IWX: A Look at the iShares Russell Top 200 Value ETF
Large-Cap Values Consistently Trail Behind in Market Performance
Gear up for an in-depth review of the iShares Russell Top 200 Value ETF (NYSEARCA:IWX), a passively managed exchange-traded fund (ETF) that delves into the world of large-cap American stocks. As a fund focused on fundamental measures like lower price-to-book ratios, lower sales-per-share historical growth, and lower forecasted growth, IWX aims to identify hidden gems in the U.S. stock market.
The Skinny on IWX: Is It Worth the Investment?
The question on every investor's mind: Should IWX be your next big financial move, or is it better to stick with alternatives like SPY, the SPDR S&P 500 ETF, or other large-cap assets? Let's weigh the pros and cons.
Our analysis shows that IWX offers decent performance compared to peers, but the trend for underperforming value has persisted. IWX's struggles against SPY and other large-cap funds with growth characteristics, like SPY, while beating some of its value peers, such as IWD, which boasts a broader portfolio, leaves room for improvement. For those seeking pure value, we recommend the iShares S&P 500 Value ETF (IVE). While IWX may provide large-cap value exposure, IVE's outperformance makes it the standout choice from a pure performance perspective.

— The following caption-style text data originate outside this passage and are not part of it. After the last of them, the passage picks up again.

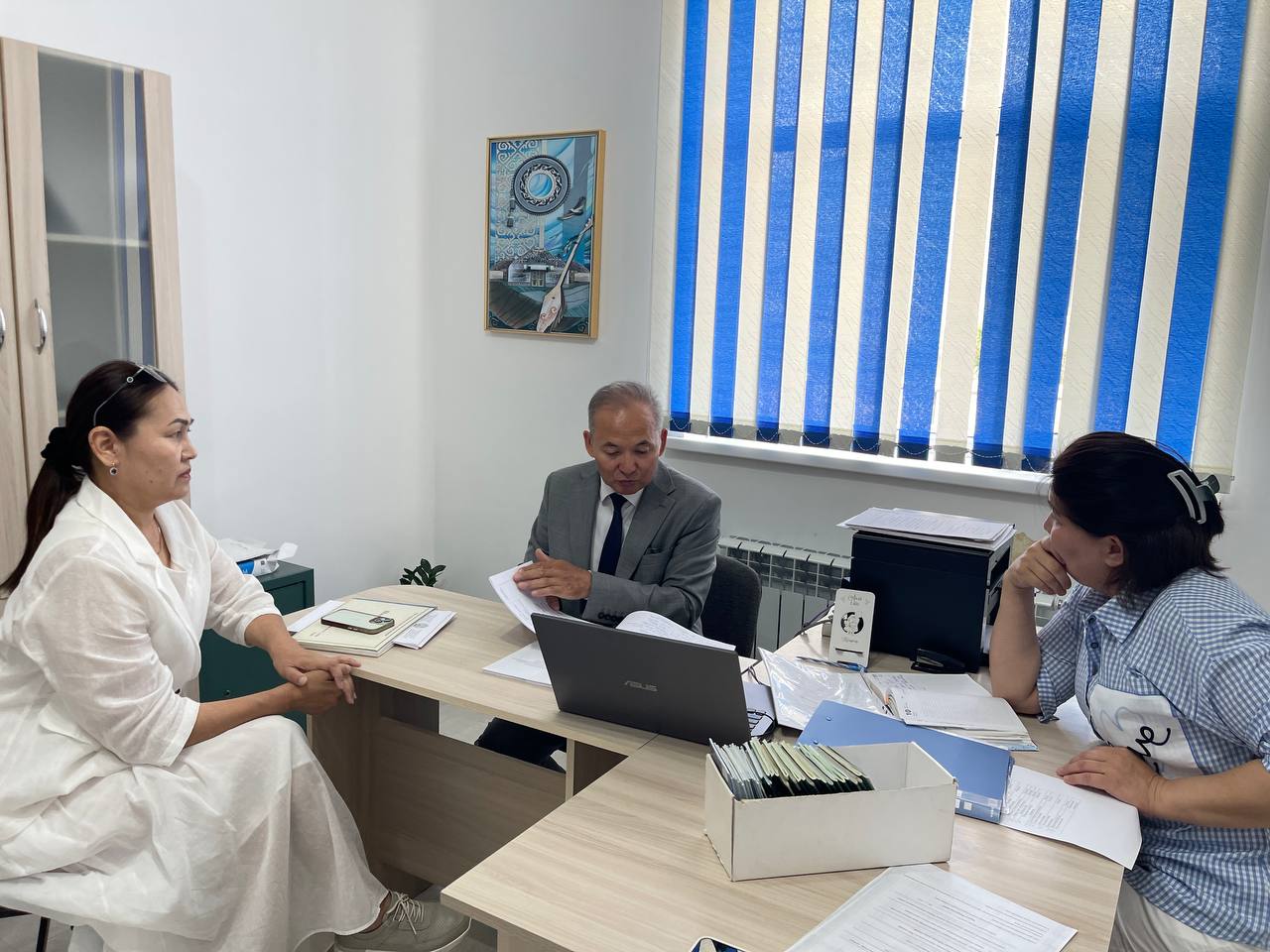 ӘЛЕУМЕТТІК ӘРІПТЕСТІК АЯСЫНДА ӨЗЕКТІ МӘСЕЛЕЛЕР ТАЛҚЫЛАНДЫ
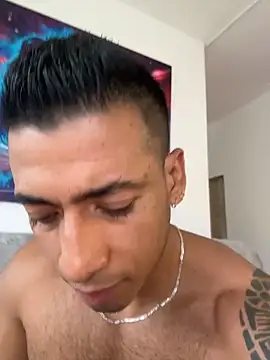 aaroncolombia online show from 11/23/25, 03:55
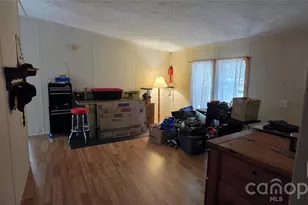 52 Tahkeyostee Rdg, Weaverville, NC 28787 - Photo 5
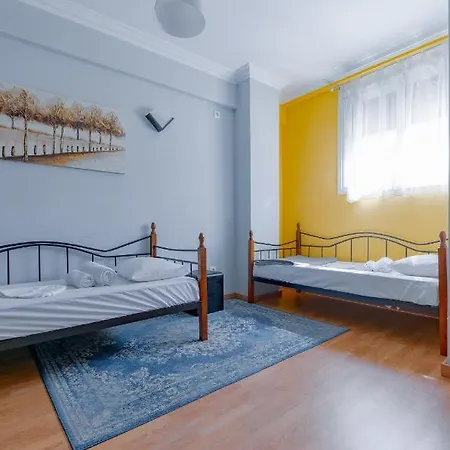 The Mavili's Getaway * Atene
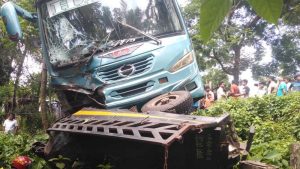 রাজাপুরের পাকাপুল এলাকায় হানিফ পরিবহন ও পিকআপের মুখোমুখি সং-ঘ-র্ষে দুইজন নি-হ-ত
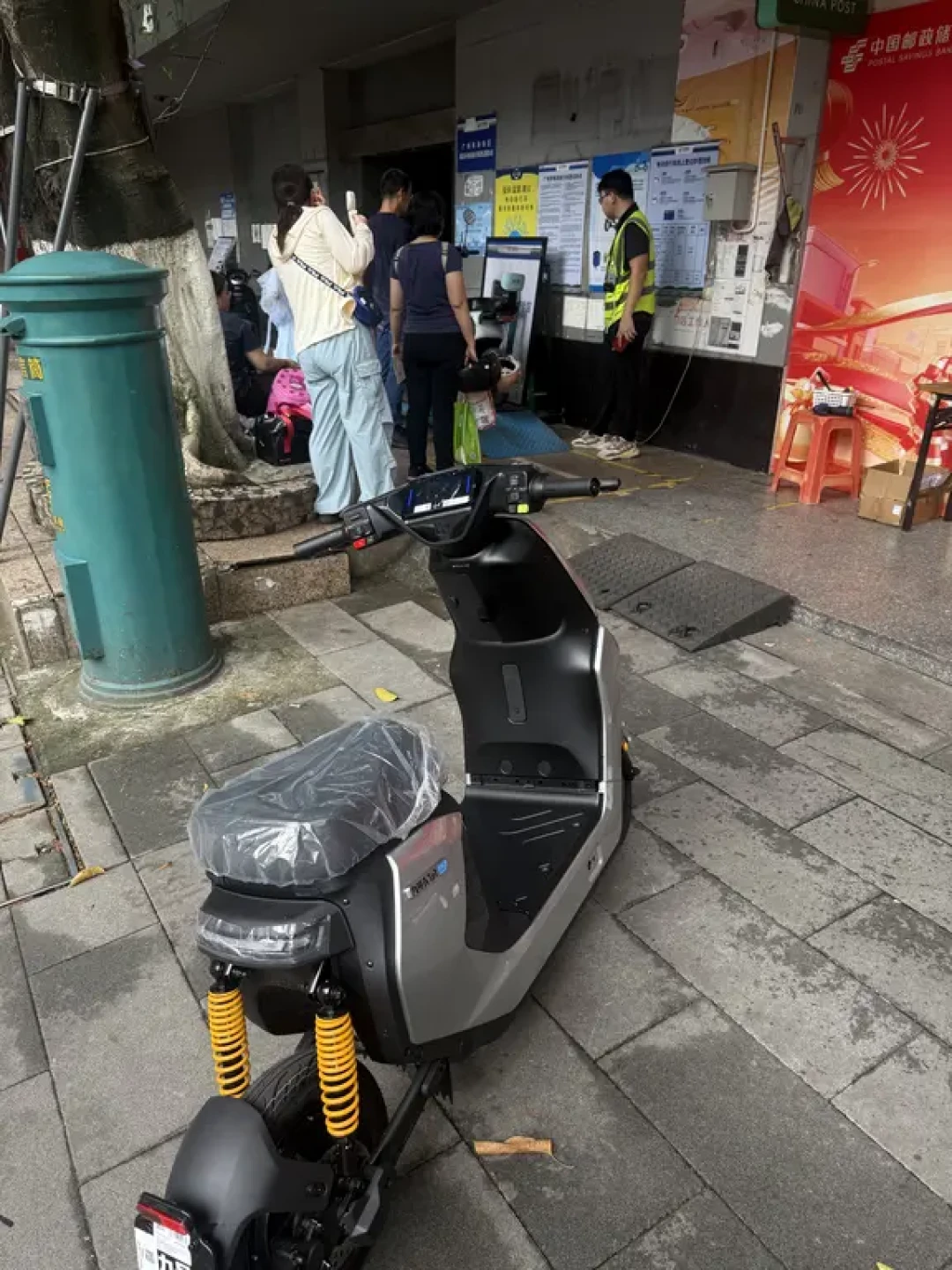 官费55元,黄牛报价350元:给电摩上牌前,先看懂这笔账和减配清单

Fundamentals: The Inside Scoop on IWX
Launched in 2009 by Blackrock after the financial crisis, IWX's mandate is to generally track large-cap U.S. stocks that exhibit value characteristics. The index targeted by IWX selects and weighs securities based on three fundamental metrics - lower price-to-book ratios, lower sales-per-share historical growth, and lower forecasted growth relative to all securities in the Russell Top 200.
As of June 26, 2025, IWX boasts a net asset value (NAV) of approximately $2.7Bn and a daily volume of over 120K shares traded worth more than $10MM. With a portfolio turnover of around 14%, IWX attempts to replicate its index based on a few value factors. Despite these efforts, the ETF's results have not shown promising performance over the past several years, as depicted in charts showing returns well below both SPY and IVE.
The fund comes with a yearly expense ratio of 0.2%, which is considered reasonable given the differentiation and customization of the portfolio. However, the ongoing impact of the Trump tariffs and the persistent performance issues of IWX create doubts about its potential for an outperforming year.
IWX's Portfolio & Risk Profile
When comparing IWX's portfolio to peers, you'll notice subtle differences in the portfolio breakdown but not many. The fund's main distinction lies in the underweighting of healthcare and an overweighting in financials, when compared to its index benchmark and overall large-cap value universe. The portfolio's equities are skewed value, with a lower average P/B of 2.74 and P/E of 20, but the ratios are slightly higher than SPY and IVE, making it a middle-ground option for those seeking value.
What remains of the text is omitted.